Think for a minute and honestly answer this question. “What steals your joy?” Does your answer include one of the following: marriage problems, painful relationships, disobedient children, health concerns or financial struggles? Although the responses are unique to each person, we usually reply with things that are based on external conditions.

Last week I shared a blog entitled Where Can I Find Joy? In it I stated “Although a joyful person may experience happiness, true joy is everlasting and not dependent upon circumstances.” So if joy isn’t determined by what’s going on in our lives, why does it feel like our enjoyment in life is stolen when various trials come our way? Is it possible to have uninterrupted joy as Paul instructed the believers at the church at Philippi?

“Always be full of joy in the Lord, again I say rejoice! (Philippians 4:4).

This question can be answered by understanding the difference between the words joy and happiness.

Joy verses Happiness

The definition of the word rejoice, from which our word joy comes, is “to feel great delight, to welcome or to be glad.” The definition for the word happiness is “a state of well-being, a pleasurable or satisfying experience.” While these two words are similar, they are derived from different root words.

The word happiness comes from the Middle English word hap which meant “chance” or “good luck.” As you might suspect, this is the same root word for “happening.” This means that our happiness, or feelings of pleasure and enjoyment, directly corresponds to the external things that are going on around us. Because of this, any discord in relationships with family and friends as well as a plethora of negative things in our lives can greatly diminish our feelings of pleasure.

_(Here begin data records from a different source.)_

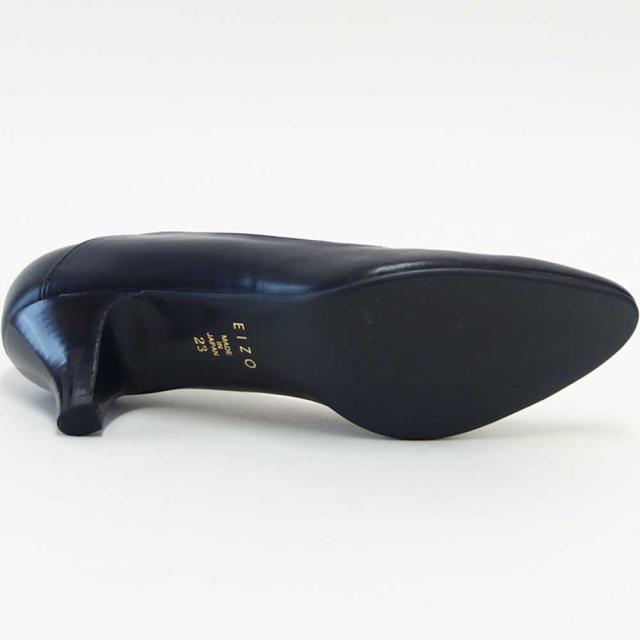 EIZO エイゾー 15146 ブラック スムースレザーのVカットラウンドパンプス（5.5cmヒール） 「靴」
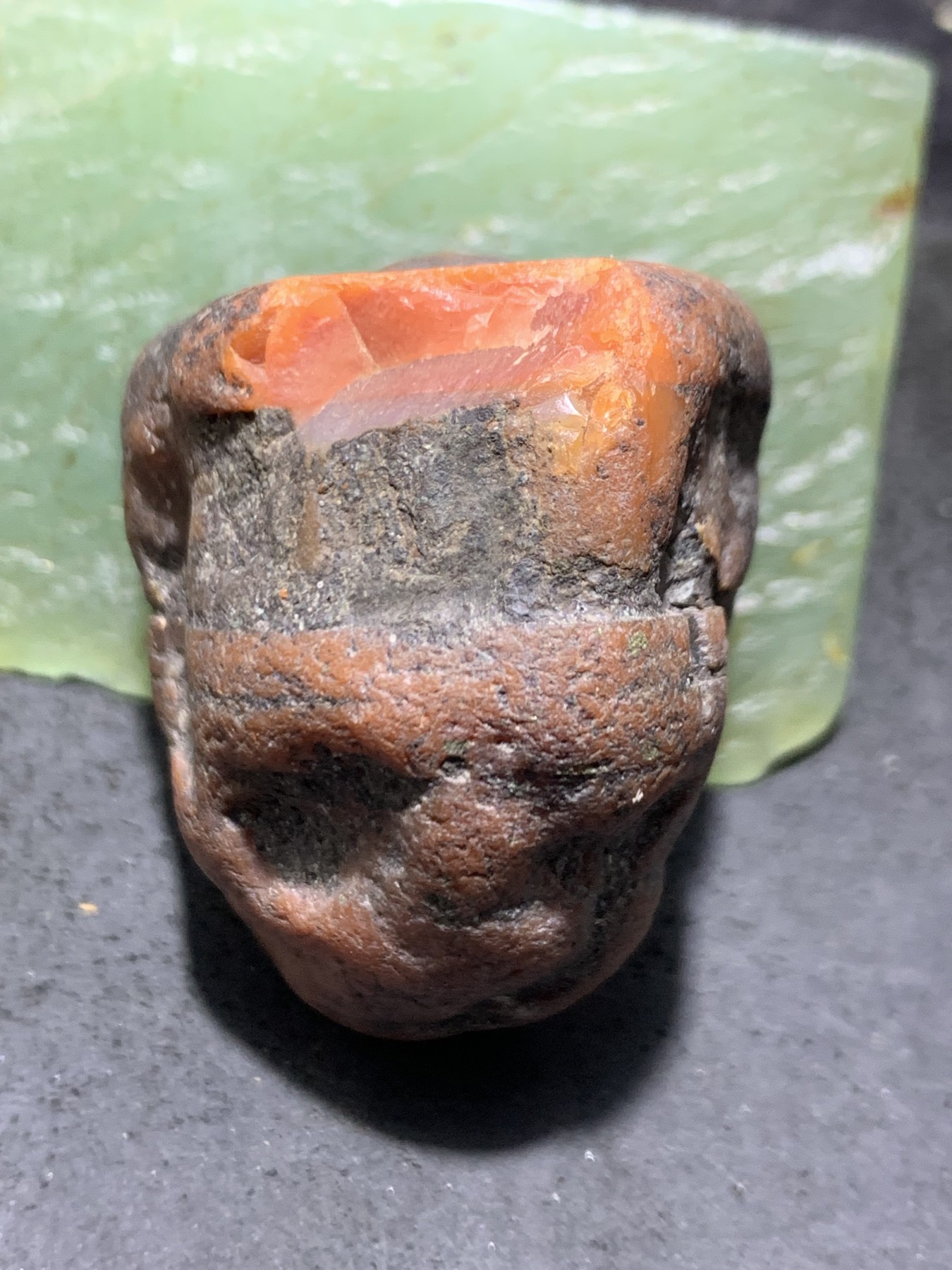 精美柿子红开窗料南红玛瑙原石一颗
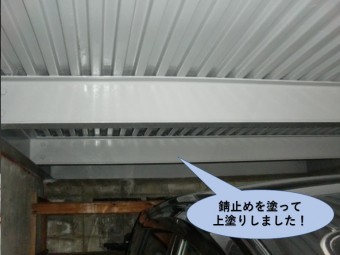 岸和田市のガレージを錆止めを塗って上塗りしました!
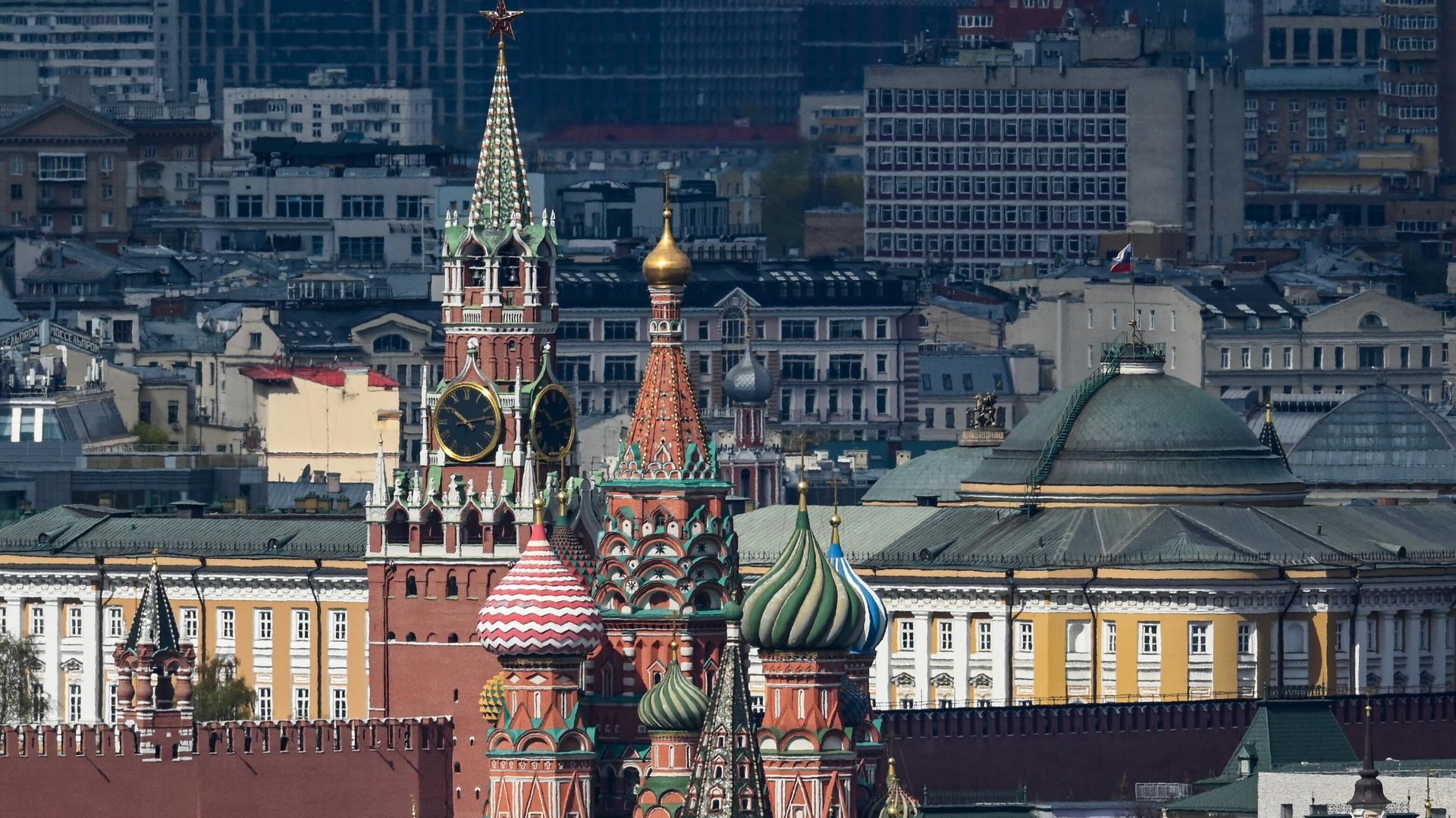 Вид на Собор Василия Блаженного и Спасскую башню Московского кремля - ИноСМИ, 1920, 04.05.2023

In contrast, the word joy comes from the Greek root word chara which means “to be exceedingly glad.” I was surprised to find that it is also related to the Greek root word for “grace” (charis) which originally signified “favor” and “lovingkindness”—especially as granted by a superior to an inferior. As far back as the ancient Greek poet and author, Homer, this word for joy and grace denoted “sweetness” or “attractiveness”.

The biblical meaning of the word “grace” has an even deeper impact because of the special redemptive sense in which God gives favor to His undeserving children. This is evident in the following verse.

“So now we can rejoice in our wonderful new relationship with God because our Lord Jesus Christ has made us friends of God (Romans 5:11).

Knowing that we have been moved from being an enemy of God (Ro. 5:10) into a loving relationship is thrilling beyond words and should stir within us a joy overflowing. As a result, true joy is an internal emotion that depends on our secure relationship with Christ.

Speaking about His beloved sheep in John 10 Jesus said:

“I give them eternal life, and they will never perish. No one can snatch them away from me, for my Father has given them to me, and he is more powerful than anyone else. No one can snatch them from the Father’s hand” (John 10:28-29).

These verses tell us that we are in the mighty hands of the Father and the Son and there are no hands more powerful than these. Consequently, our eternal security can’t be lost, stolen or removed. Nothing…no one or thing, can steal our salvation from us. So how do we apply hard verses like James 1:2 in light of this knowledge?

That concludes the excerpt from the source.